• _RECORDS SUPPLIED_:
_ _ _ _
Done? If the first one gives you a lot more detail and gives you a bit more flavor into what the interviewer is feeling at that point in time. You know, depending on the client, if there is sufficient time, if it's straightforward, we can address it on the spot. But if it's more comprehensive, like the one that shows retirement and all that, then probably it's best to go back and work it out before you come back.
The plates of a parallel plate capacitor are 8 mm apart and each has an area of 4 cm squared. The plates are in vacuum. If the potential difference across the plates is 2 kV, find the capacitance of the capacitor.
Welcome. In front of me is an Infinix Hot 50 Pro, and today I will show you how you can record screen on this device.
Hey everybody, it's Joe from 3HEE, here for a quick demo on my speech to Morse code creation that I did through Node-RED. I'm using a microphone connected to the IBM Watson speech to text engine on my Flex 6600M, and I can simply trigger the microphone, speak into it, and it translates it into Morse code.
_ _ _ _
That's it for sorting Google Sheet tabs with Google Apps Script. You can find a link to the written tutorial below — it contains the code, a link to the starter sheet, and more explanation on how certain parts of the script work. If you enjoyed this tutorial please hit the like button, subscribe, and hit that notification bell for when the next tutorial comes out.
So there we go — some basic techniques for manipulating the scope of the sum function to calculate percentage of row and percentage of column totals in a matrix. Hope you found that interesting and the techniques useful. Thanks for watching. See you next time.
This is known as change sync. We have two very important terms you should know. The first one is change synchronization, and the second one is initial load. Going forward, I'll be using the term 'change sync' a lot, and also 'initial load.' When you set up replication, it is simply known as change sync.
_ _ _ _
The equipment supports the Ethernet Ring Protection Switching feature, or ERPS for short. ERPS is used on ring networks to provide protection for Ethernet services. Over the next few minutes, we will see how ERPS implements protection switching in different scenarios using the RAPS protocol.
_ _ _ _
• _TASK STATEMENT_: Report all lines in the listing above that contain the word "will".

• _ANSWER TO THIS PROBLEM_:
Welcome. In front of me is an Infinix Hot 50 Pro, and today I will show you how you can record screen on this device.
The equipment supports the Ethernet Ring Protection Switching feature, or ERPS for short. ERPS is used on ring networks to provide protection for Ethernet services. Over the next few minutes, we will see how ERPS implements protection switching in different scenarios using the RAPS protocol.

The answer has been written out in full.